• **To do**:
What is needed is an exact copy of every line from the one containing "Noia fent l'aprenentatge experiencial." through the end of the entries; please set it down without any pictures.

───── Records supplied

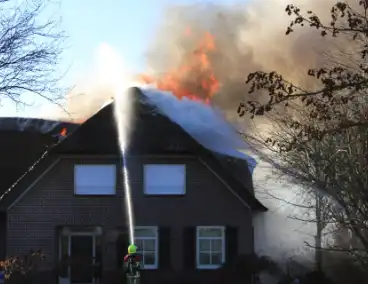 Grote woningbrand verwoest pand met rieten kap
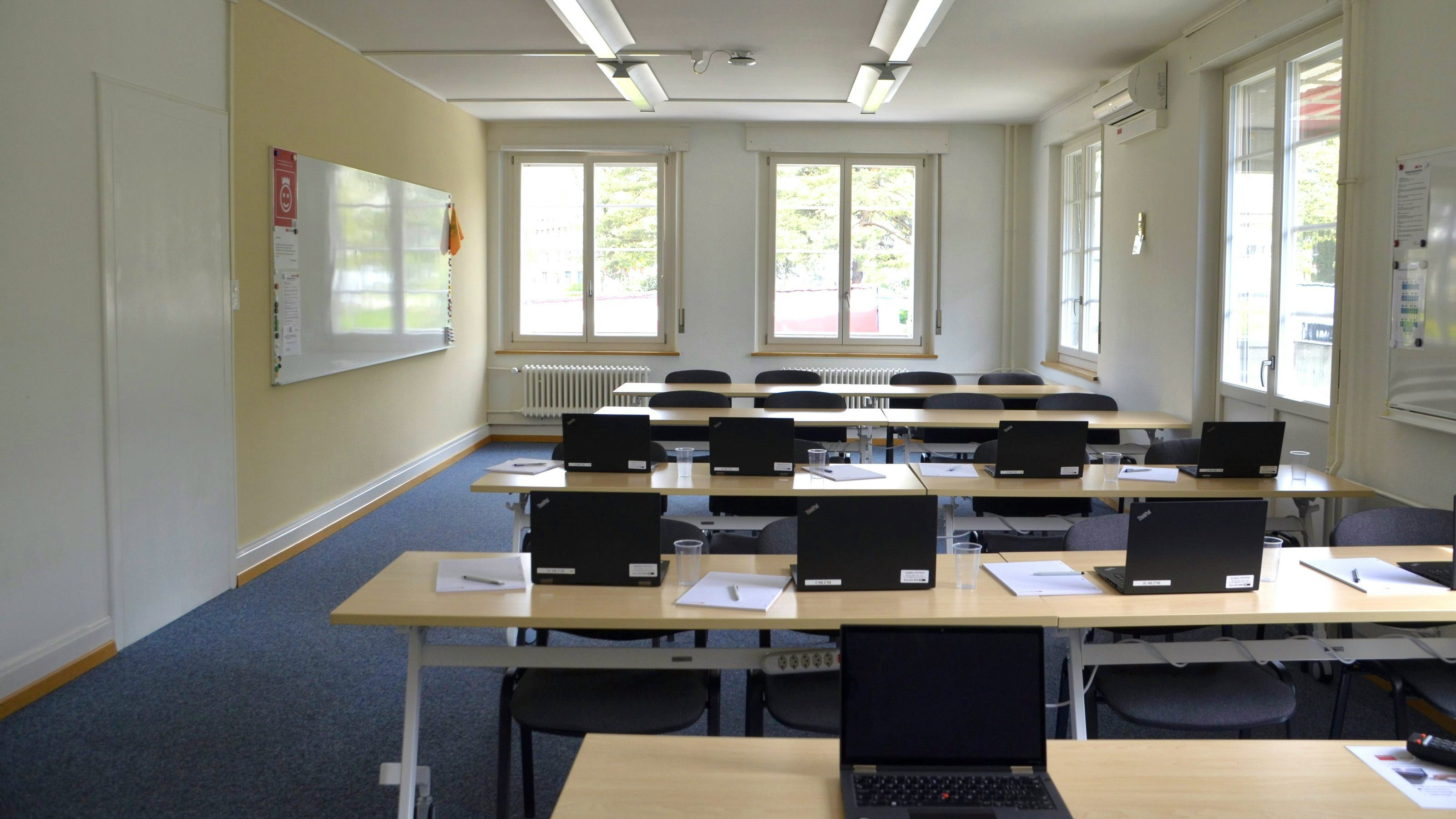 Raum M – Platz bis zu 50 Personen.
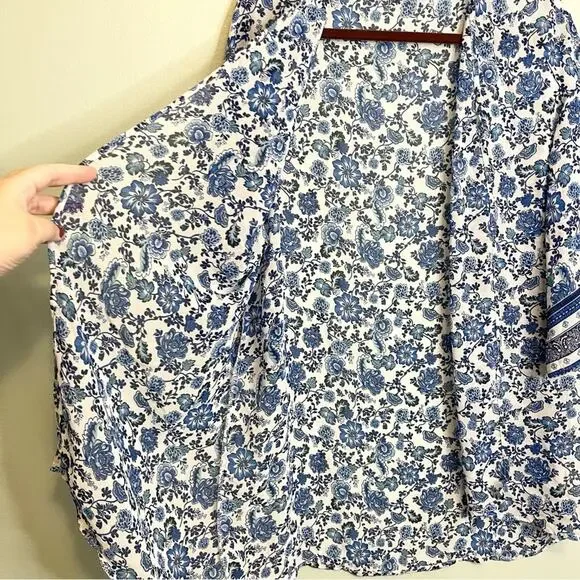 H&M Blue Floral Overthrow Shawl Size Medium - Picture 7 of 9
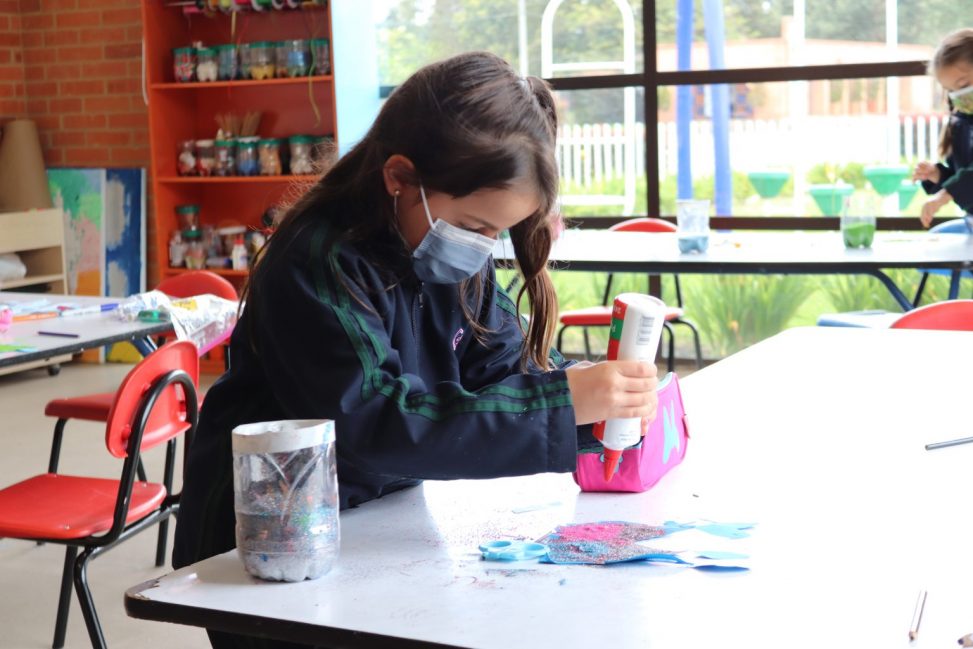 Noia fent l'aprenentatge experiencial.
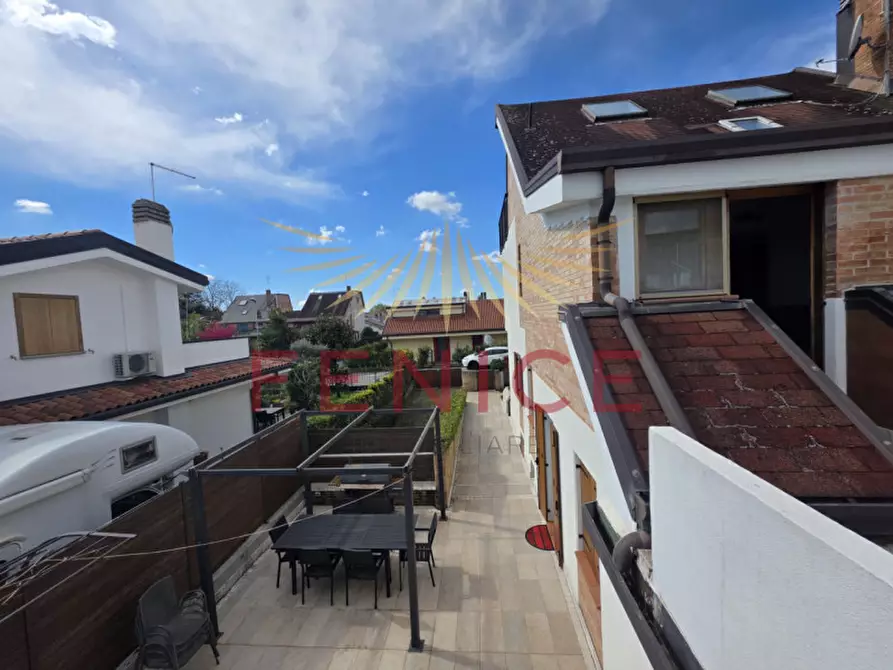 Immagine 11 di Casa indipendente in vendita  in via monte solder a Montebelluna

──────────

• **Problem solution**:
 Noia fent l'aprenentatge experiencial.
 Immagine 11 di Casa indipendente in vendita  in via monte solder a Montebelluna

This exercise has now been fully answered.